Extract 'Did you know?' facts from Wikipedia articles
This is a small Python command line tool and a Jupyter Notebook based on Adam Geitgey's excellent blogpost on Natural Language Processing in Python.
When you run the command like this
$ python3 wiki-text-nlp.py Pikachu
It will show you 'interesting facts' based on the article on the English Wikipedia.
Did you know that Pikachu... ...is a central character in the Pokémon anime series? ...was one of several different Pokémon designs conceived by Game Freak's character development team? ...were the first "Electric-type" Pokémon created, their design intended to revolve around the concept of electricity? ...is one of the sixteen starters and ten partners in the Pokémon Mystery Dungeon games? ...is an amiibo character? ...would be happier living in a colony of wild Pikachu? ...is one of the main Pokémon used in many of the Pokémon manga series? ...is real, out next week in Japan?

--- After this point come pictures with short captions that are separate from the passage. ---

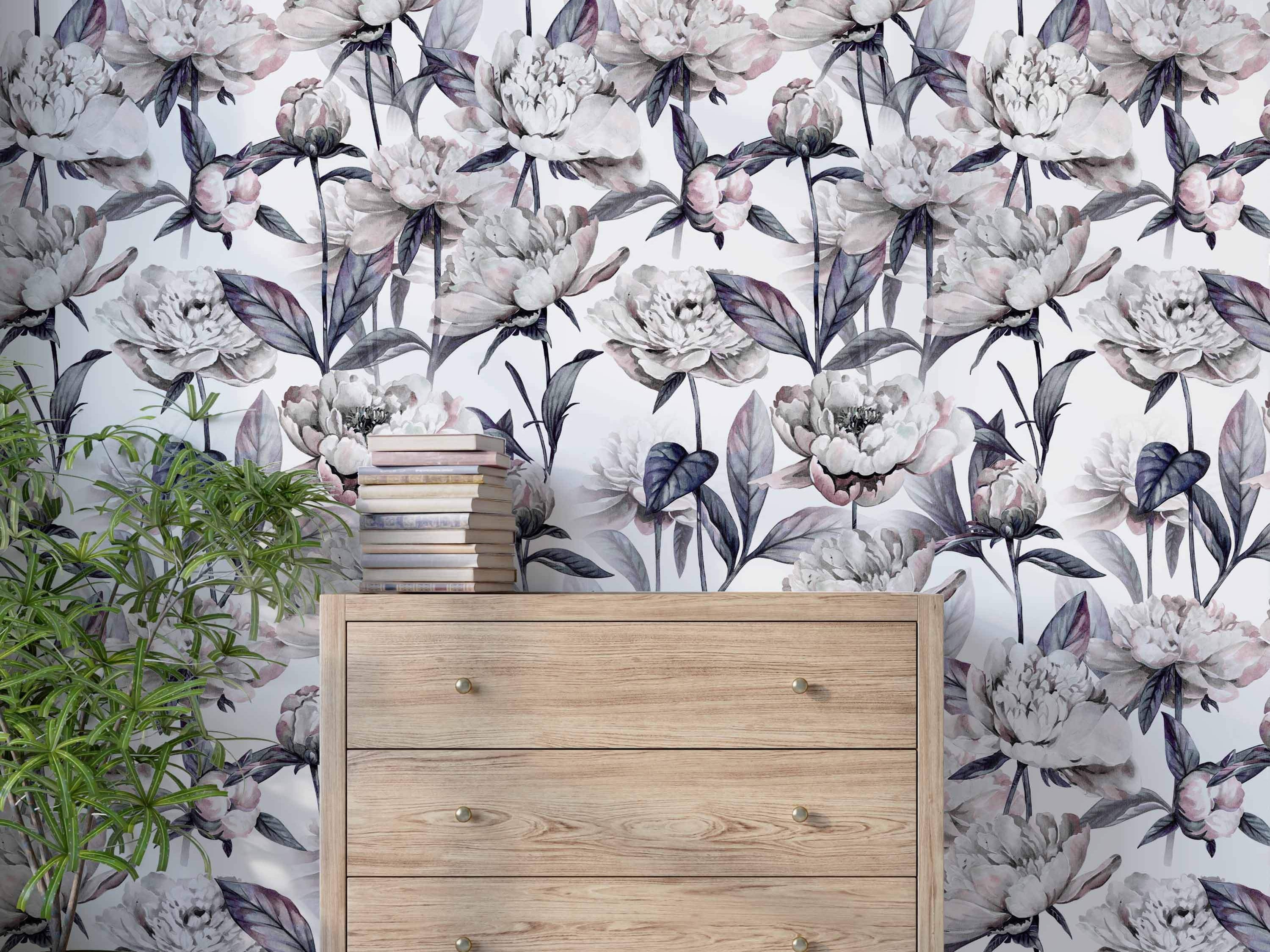 Wallpaper featuring a repeating pattern of large, watercolor-style peonies in white, pale pink, and gray with dark mauve leaves.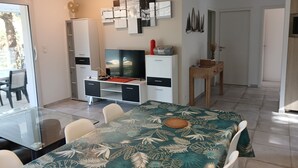 Een moderne woonkamer met een glazen eettafel, een flatscreen televisie en een wit kastje.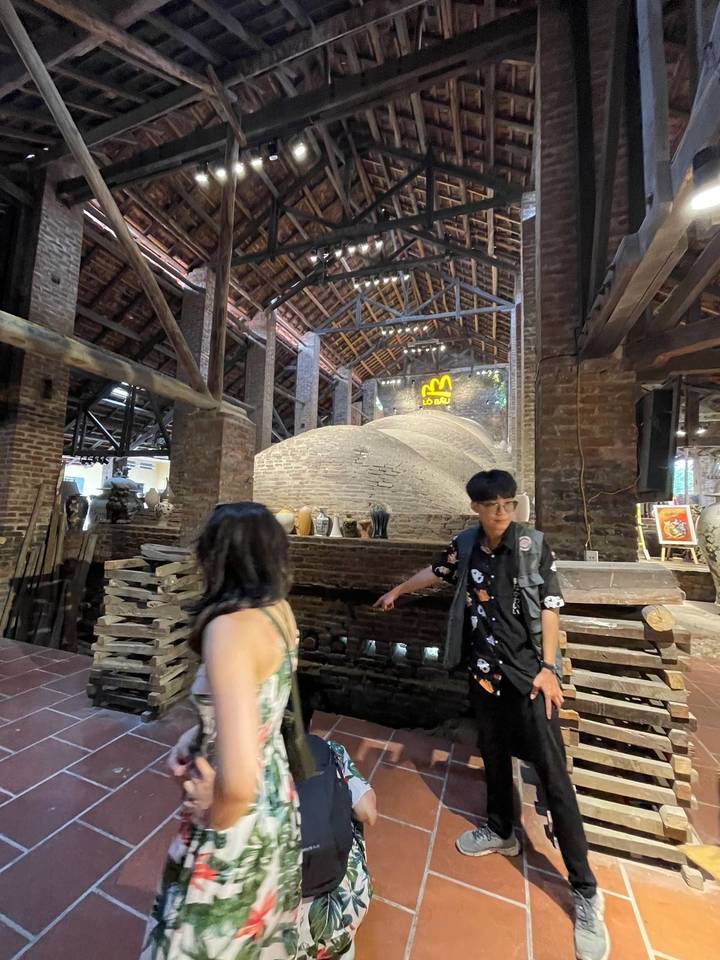 Guide showing visitors a large traditional brick kiln inside a rustic workshop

If you've followed Adam's tutorial you'll have all the dependencies expect for two:
bs4 (BeautifulSoup) and
If you haven't followed that tutorial, this will help you out
pip3 install spacy textacy bs4 requests
You also need to install the 'small' English model for spaCy:
python3 -m spacy download en_core_web_sm
I probably should be making a requirements.txt or a Pipfile, but i'm lazy.
The Wikipedia content is retrieved from the excellent Wikimedia REST API which more people should use.
Given that this is mostly a textbook example, this code is in the public domain.